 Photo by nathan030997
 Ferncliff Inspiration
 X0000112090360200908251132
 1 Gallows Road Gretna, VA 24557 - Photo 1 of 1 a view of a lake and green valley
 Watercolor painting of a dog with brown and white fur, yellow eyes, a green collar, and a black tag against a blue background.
---*---
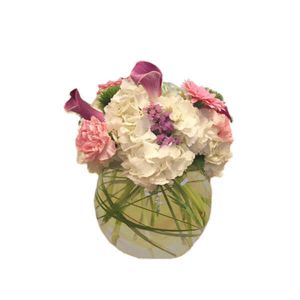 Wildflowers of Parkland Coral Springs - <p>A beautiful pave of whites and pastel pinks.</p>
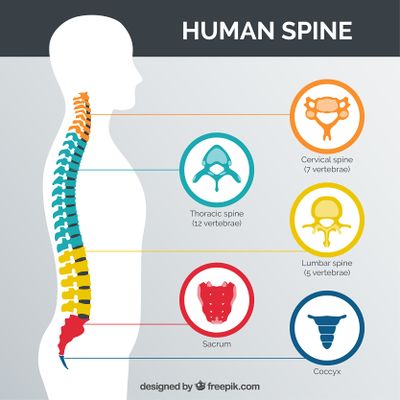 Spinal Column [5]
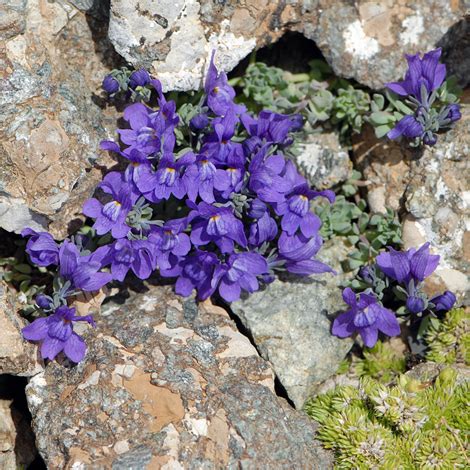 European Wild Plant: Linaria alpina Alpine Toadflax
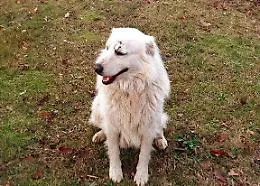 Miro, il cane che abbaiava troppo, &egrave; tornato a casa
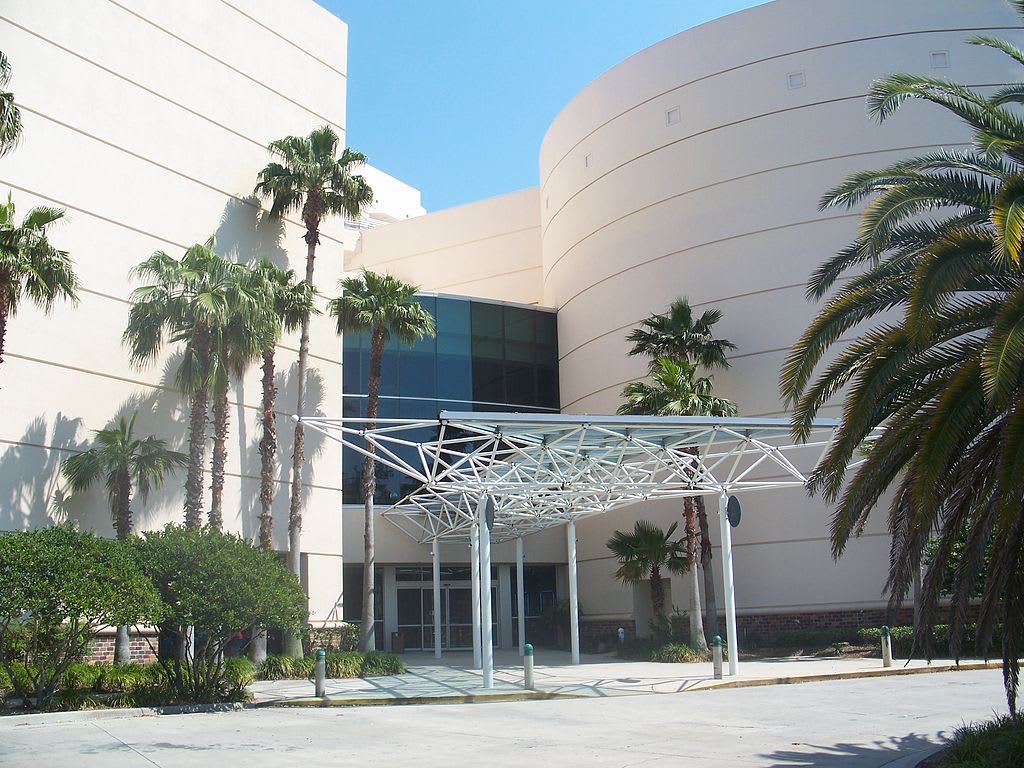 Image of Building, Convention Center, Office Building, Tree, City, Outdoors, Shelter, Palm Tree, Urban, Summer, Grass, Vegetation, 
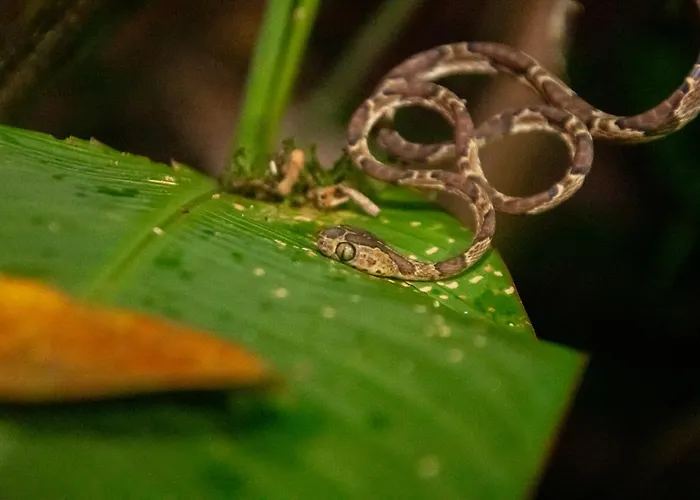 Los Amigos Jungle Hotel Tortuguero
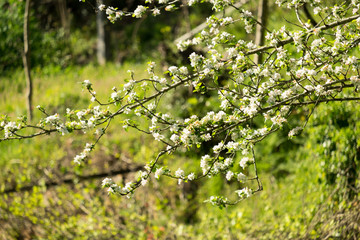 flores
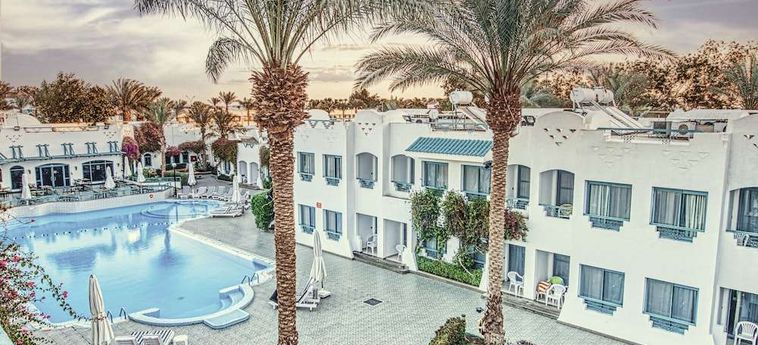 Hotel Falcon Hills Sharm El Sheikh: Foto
---*---
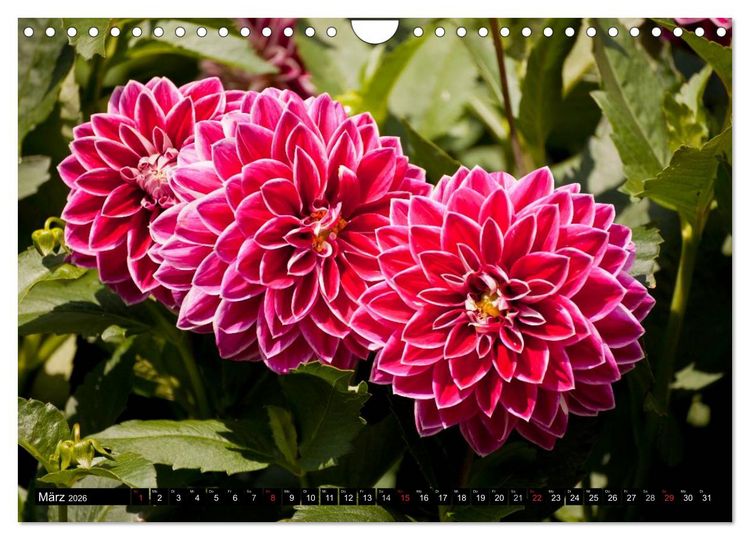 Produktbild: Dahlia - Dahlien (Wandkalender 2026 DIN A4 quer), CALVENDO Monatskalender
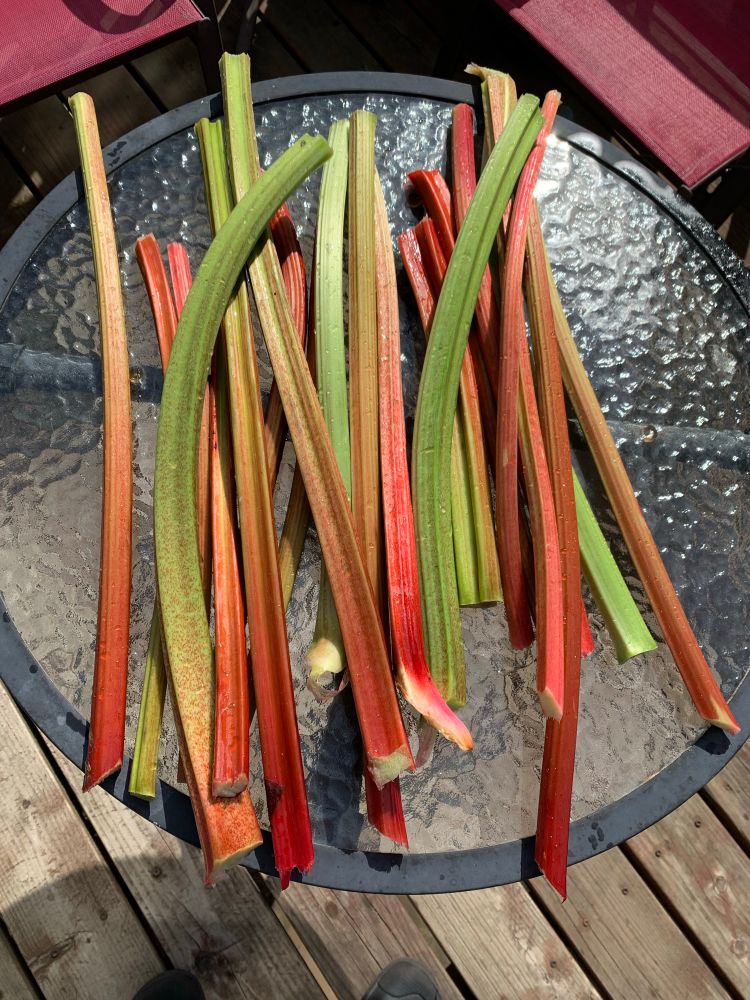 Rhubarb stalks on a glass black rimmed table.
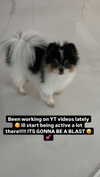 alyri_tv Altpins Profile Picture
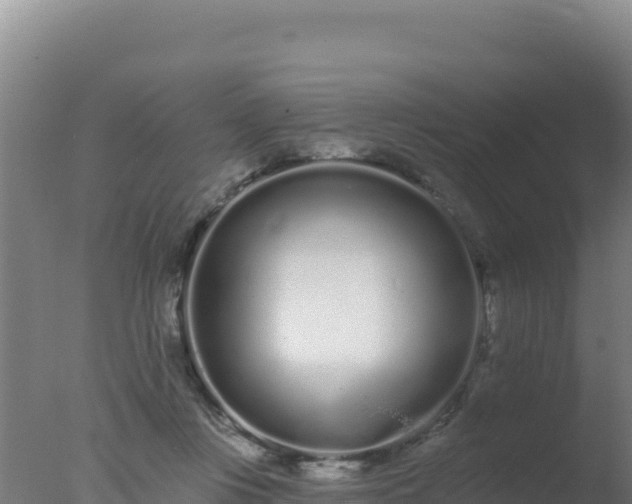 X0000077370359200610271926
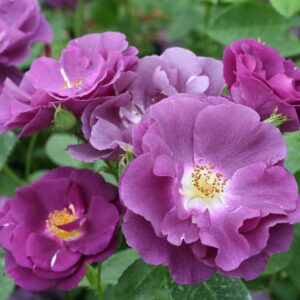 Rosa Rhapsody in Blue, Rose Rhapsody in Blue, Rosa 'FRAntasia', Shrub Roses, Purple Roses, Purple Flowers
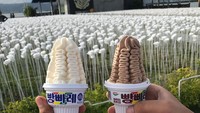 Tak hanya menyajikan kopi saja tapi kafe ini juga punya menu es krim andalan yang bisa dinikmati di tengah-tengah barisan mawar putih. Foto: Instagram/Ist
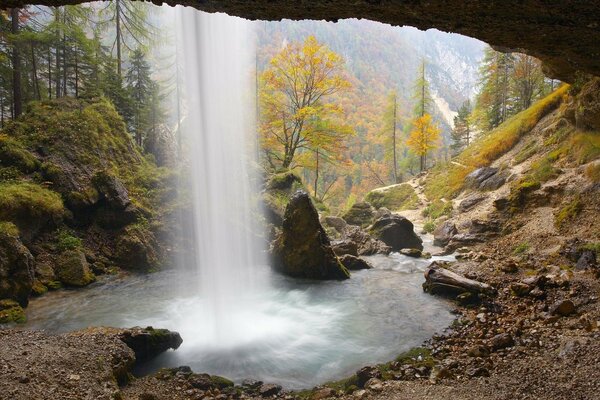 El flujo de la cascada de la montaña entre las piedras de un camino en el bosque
---*---
**WHAT YOU NEED TO DO**
Each line in the entries above, starting at the line with "Photo by nathan030997" and ending at the line with "Watercolor painting of", is to be printed exactly, and only those lines.

**EXERCISE RESPONSE**
 Photo by nathan030997
 Ferncliff Inspiration
 X0000112090360200908251132
 1 Gallows Road Gretna, VA 24557 - Photo 1 of 1 a view of a lake and green valley
 Watercolor painting of a dog with brown and white fur, yellow eyes, a green collar, and a black tag against a blue background.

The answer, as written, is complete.